When solving matrix equations like \(AX = B\), you can either set up and solve the system of linear equations (as shown here) or find the inverse of A and compute \(X = A^{-1}B\). For simple systems, direct multiplication and comparison is often faster.

Answer 1

The Correct Option is A

Step 1: Conceptualization:
The objective is to solve the matrix equation \(AX = B\).

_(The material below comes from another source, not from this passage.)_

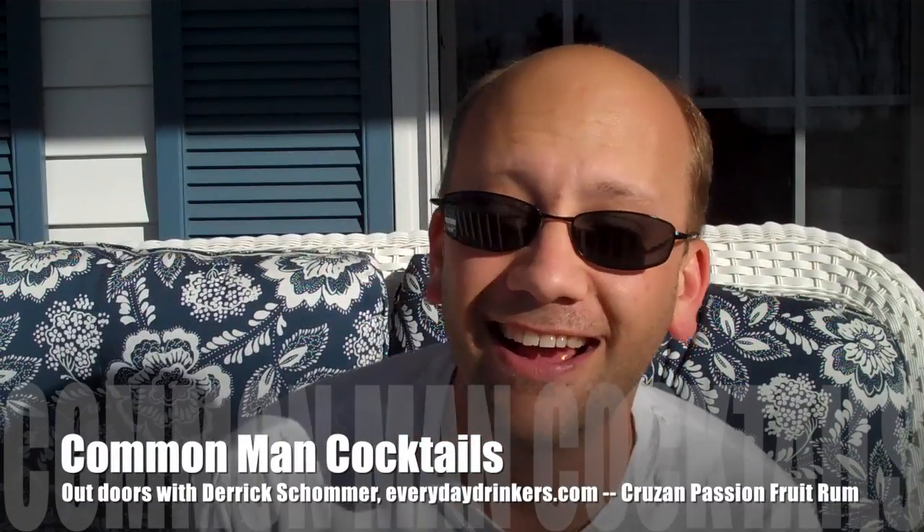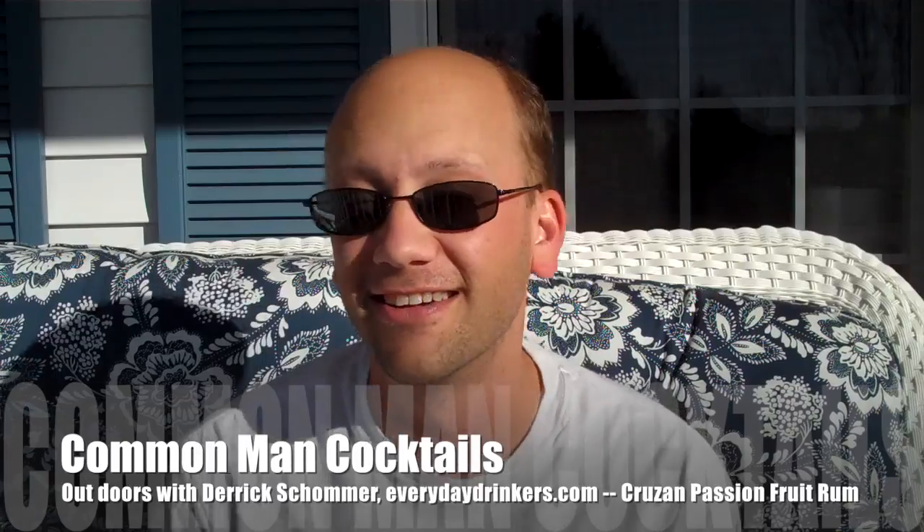Welcome to Common Man Cocktails! I am your host Derek Shomer, and today we're outside. I haven't done this in a year, so actually I'm kind of excited.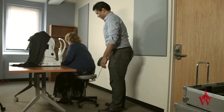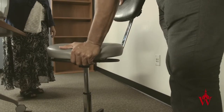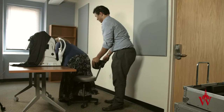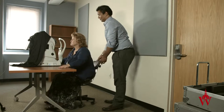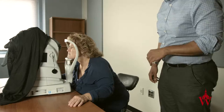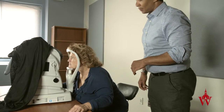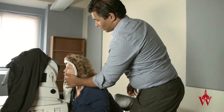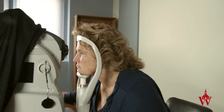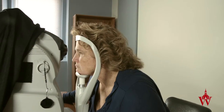If the chair is too high or too low for the machine, instruct the patient you will either lower or raise the chair if it is adjustable. Otherwise, ask the patient if they would mind switching chairs to create the optimal height for the machine. If the patient doesn't press their head firmly against the chin rest or head rest, instruct them to make sure their chin is firmly placed on the chin rest and their forehead is all the way pressed against the bar.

This is achieved by performing the matrix multiplication on the left side and then equating the elements of the resulting matrix with the elements of the matrix on the right side, thereby forming a system of linear equations.

Step 2: Methodology:
The multiplication of a 2x2 matrix by a 2x1 matrix is defined as:
\[ \begin{bmatrix} a & b
c & d \end{bmatrix} \begin{bmatrix} x
y \end{bmatrix} = \begin{bmatrix} ax+by
cx+dy \end{bmatrix} \]

Step 3: Execution:
Given the equation \(AX = B\), substitute the matrices:
\[ \begin{bmatrix} 3 & 7
4 & -2 \end{bmatrix} \begin{bmatrix} \alpha
-2 \end{bmatrix} = \begin{bmatrix} 7
32 \end{bmatrix} \]
Conduct the matrix multiplication on the left side:
\[ \begin{bmatrix} (3)(\alpha) + (7)(-2)
(4)(\alpha) + (-2)(-2) \end{bmatrix} = \begin{bmatrix} 7
32 \end{bmatrix} \]
\[ \begin{bmatrix} 3\alpha - 14
4\alpha + 4 \end{bmatrix} = \begin{bmatrix} 7
32 \end{bmatrix} \]
Equating the corresponding elements yields a system of two linear equations:
1) \(3\alpha - 14 = 7\)
2) \(4\alpha + 4 = 32\)
Solve the first equation for \(\alpha\):
\[ 3\alpha = 7 + 14 \]
\[ 3\alpha = 21 \]
\[ \alpha = \frac{21}{3} = 7 \]
Verify with the second equation:
\[ 4(7) + 4 = 28 + 4 = 32 \]
The value \(\alpha = 7\) is consistent with both equations.

Step 4: Conclusion:
The determined value for \(\alpha\) is 7.